- Ashburn, United States
- Mar, 24th, 23
As Pakistan’s external debt is piling up and foreign exchange reserve is hitting a ten-year low, Miftah Ismail, former Finance Minister stressed the importance of boosting exports through CPEC in easing Pakistan’s fiscal pressure. “Under the CPEC framework, we have got power plants and roads that are very much needed in Pakistan. The only problem is that when we doubled the electricity in Pakistan, we did not double our industrial production; we did not double our exports”, he pointed out in an interview with China Economic Net (CEN). According to Mr. Miftah Ismail, the debt issue has been there for the last twenty to thirty years.
In the most recent year, floods have incurred permanent and irreversible losses to Pakistan. Loans are required to recover but will drive the country’s debt further up. He told CEN that Pakistan is in debt of PKR 50,000 billion. For an average Pakistani, he has a debt of around PKR 250,000. Half of this debt is in foreign exchange, most from countries aside from China, a major infrastructure provider of the country. “The infrastructure that China has worked on is very important for Pakistan and has proved to be very good for Pakistan's economy.

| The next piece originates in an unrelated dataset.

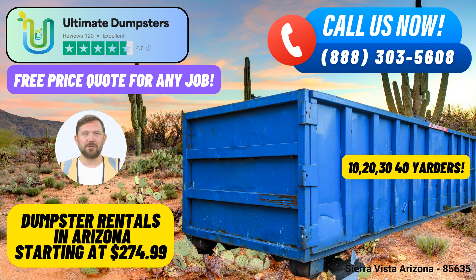10-yard dumpster: Ideal for small home cleanouts and minor renovation projects. 20-yard dumpster: Perfect for larger home renovations and medium-sized construction jobs. 30-yard dumpster: Great for substantial construction projects and commercial cleanups. 40-yard dumpster: Designed for large-scale construction and demolition debris disposal.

In the second phase of CPEC, we wish to see that Chinese companies come to Pakistan and set up their businesses here, and together, we can export goods to other countries and help mitigate the financial deficit in Pakistan”, he said.
He cited the example of Pakistan’s first all-steel radial truck/bus tire plant set up jointly by Pakistani and Chinese companies in Nooriabad, where five to ten percent of the products will be sold in Pakistan, and ninety percent will be exported. “It is important for us to provide easy opportunities to the Chinese factories to open here, then our people will get employment and exports will increase, so we can earn some foreign exchange and return the debt”, he said.